The Shadow Play of Advisory Rhetoric: USCIRF’s Latest Missive on India and the Imperative of Strategic Clarity

March 17, 2026 Srinivasan Balakrishnan

In the realm of international relations, where genuine statecraft intersects with the softer undercurrents of narrative warfare, the United States Commission on International Religious Freedom (USCIRF) has once again issued its annual report, this time, in March 2026, recycling familiar refrains against India. The panel recommends designating India a “Country of Particular Concern,” imposing targeted sanctions on the Rashtriya Swayamsevak Sangh (RSS) and India’s premier external intelligence agency, the Research and Analysis Wing (R&AW), and conditioning arms sales and trade linkages on unspecified “improvements” in religious freedom. It cites anti-conversion laws, alleged vigilante incidents, and legislative measures such as the Waqf Amendment Act as evidence of systemic deterioration.

Yet a dispassionate examination reveals this exercise for what it is: an advisory footnote, devoid of binding force, routinely sidelined by the very government it seeks to influence. Successive U.S. administrations, spanning the Trump and Biden eras, have consistently declined to act on identical USCIRF prescriptions since at least 2020. India has never been formally designated a Country of Particular Concern. No sanctions have materialised. Arms exports and defence cooperation have, in fact, deepened, underscoring the primacy of shared strategic imperatives over ideological checklists. The latest recommendations, like their predecessors, remain destined for the same archival irrelevance: bureaucratic ritual that neither alters policy nor commands diplomatic gravity.

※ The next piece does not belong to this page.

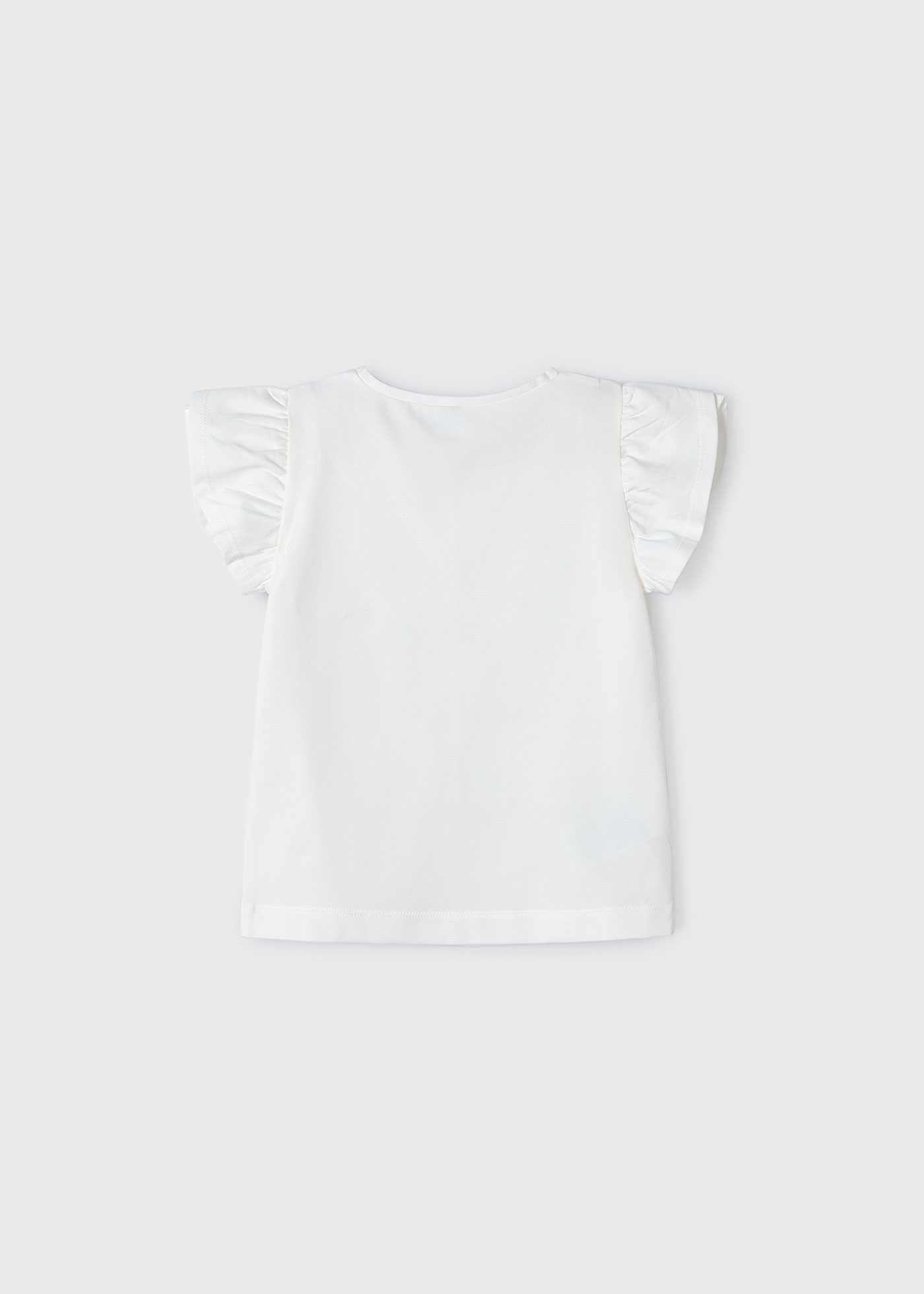 Camiseta feminina com estampa de maçã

This persistent disconnect invites scrutiny not of India’s vibrant, pluralistic democracy, home to 1.4 billion citizens practising every major faith in harmonious coexistence, but of the ecosystem shaping such reports. India’s External Affairs Ministry has rightly characterised these assessments as “biased” and “politically motivated,” a pattern that aligns with broader concerns over external actors seeking to fracture the Indo-U.S. partnership. Pakistan’s Inter-Services Intelligence (ISI) has long honed the art of hybrid influence operations, leveraging diaspora networks, sympathetic lobbies, and proxy narratives within Western institutions to advance an ideological agenda against India. Elements within the U.S. ecosystem, whether through funding conduits, advocacy groups, or selective amplification, appear susceptible to such infiltration, transforming what should be objective analysis into a vector for narrative subversion. The targeting of the RSS, a grassroots cultural organisation dedicated to national integration, social service, and voluntary discipline, alongside R&AW, India’s bulwark against cross-border terrorism and regional destabilisation, fits neatly into this playbook. It is less about religious freedom and more about undermining institutions central to India’s sovereignty and security posture.

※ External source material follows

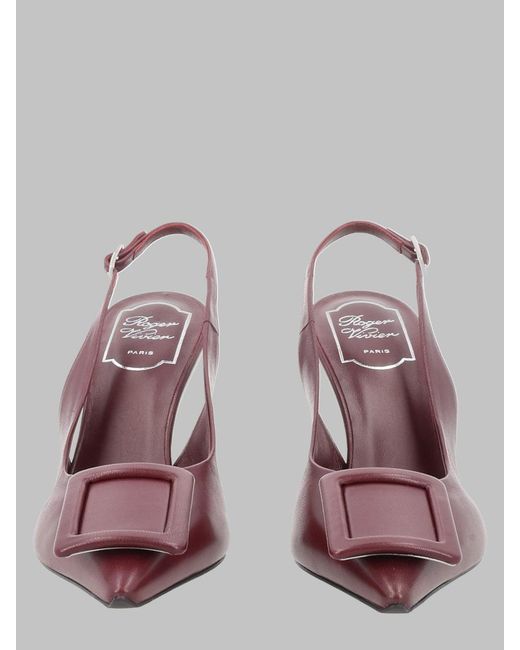 Roger Vivier Pink Slingback Sandals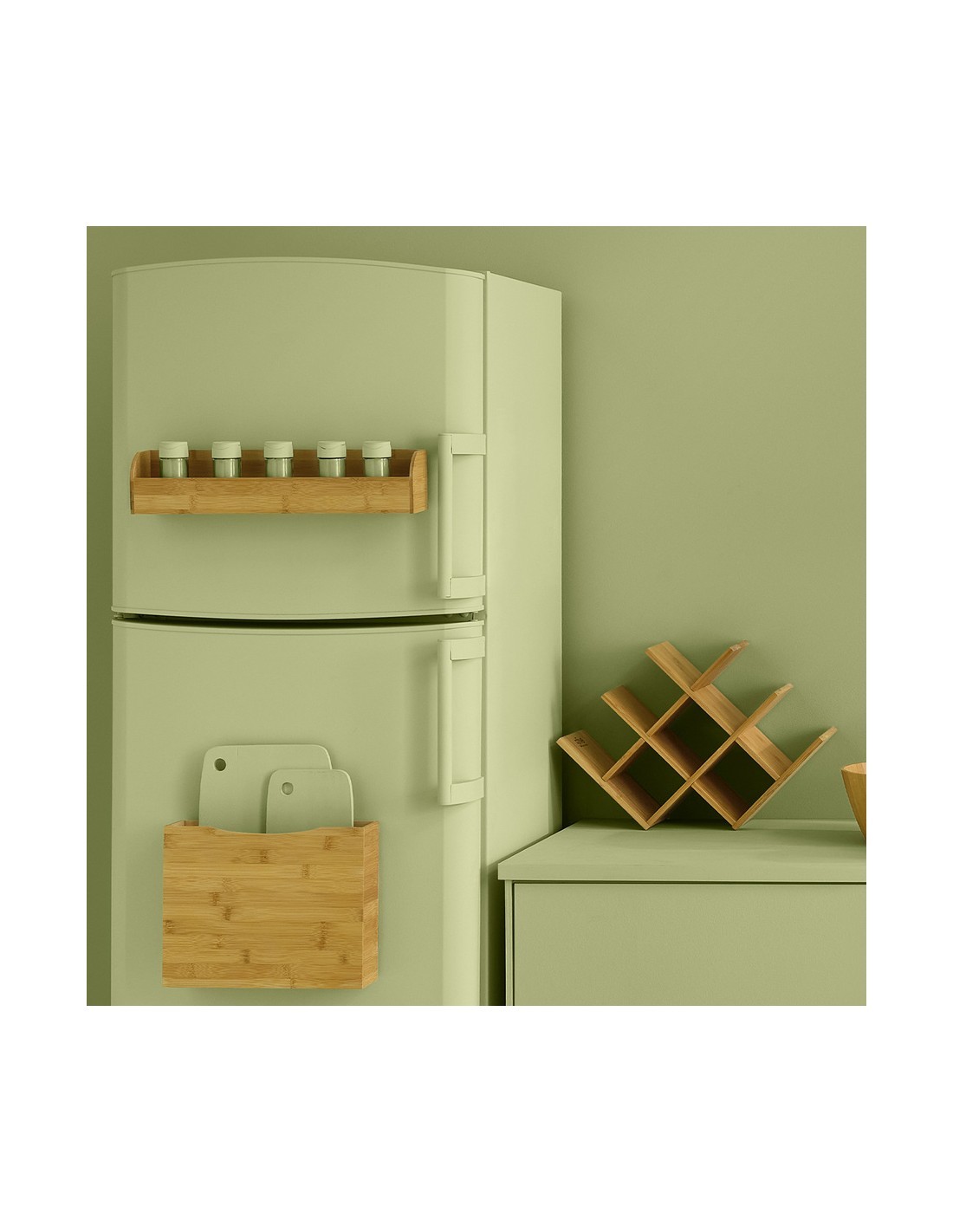 PORTABOTTIGLIE 8 POSTI BAMBOO su TreG Ingrosso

The RSS, far from the caricature occasionally peddled abroad, embodies a philosophy of selfless nation-building that has contributed to disaster relief, education, and community cohesion across India’s diverse landscape. R&AW, meanwhile, stands as a professional intelligence apparatus that has repeatedly neutralised threats originating from Pakistan-based networks, the very source of the malign influence now suspected in Washington’s advisory corridors. To equate these pillars of Indian resilience with violations of international norms is not merely inaccurate; it risks inverting the moral calculus, shielding aggressors while scrutinising the defender.

Compounding this external dynamic is the domestic echo chamber. Certain Indian opposition parties have predictably seized upon the USCIRF report, amplifying its claims with theatrical urgency. In doing so, they inadvertently or perhaps deliberately, position themselves as conduits for foreign-sourced narratives, exposing a willingness to subordinate national interest to partisan theatre. This performative alignment risks portraying them as unwitting participants in a larger ideological campaign aimed at eroding India’s internal cohesion and international stature. True statesmanship demands rejecting such imported discord in favour of constructive engagement with India’s constitutional commitment to secular governance and minority protections, which have endured despite challenges.

For the United States, the lesson is clear: vigilance against adversarial hybrid warfare must extend to its own advisory institutions. Allowing ISI-linked influences to shape discourse on a vital partner like India serves neither American strategic interests nor the cause of genuine religious freedom. The Indo-U.S. relationship, anchored in defence pacts, technology transfers, counter-terrorism cooperation, and shared democratic values represents one of the most consequential partnerships of the 21st century. It cannot be held hostage to recycled advisories that ignore ground realities: India’s robust electoral democracy, independent judiciary, and proactive measures against extremism.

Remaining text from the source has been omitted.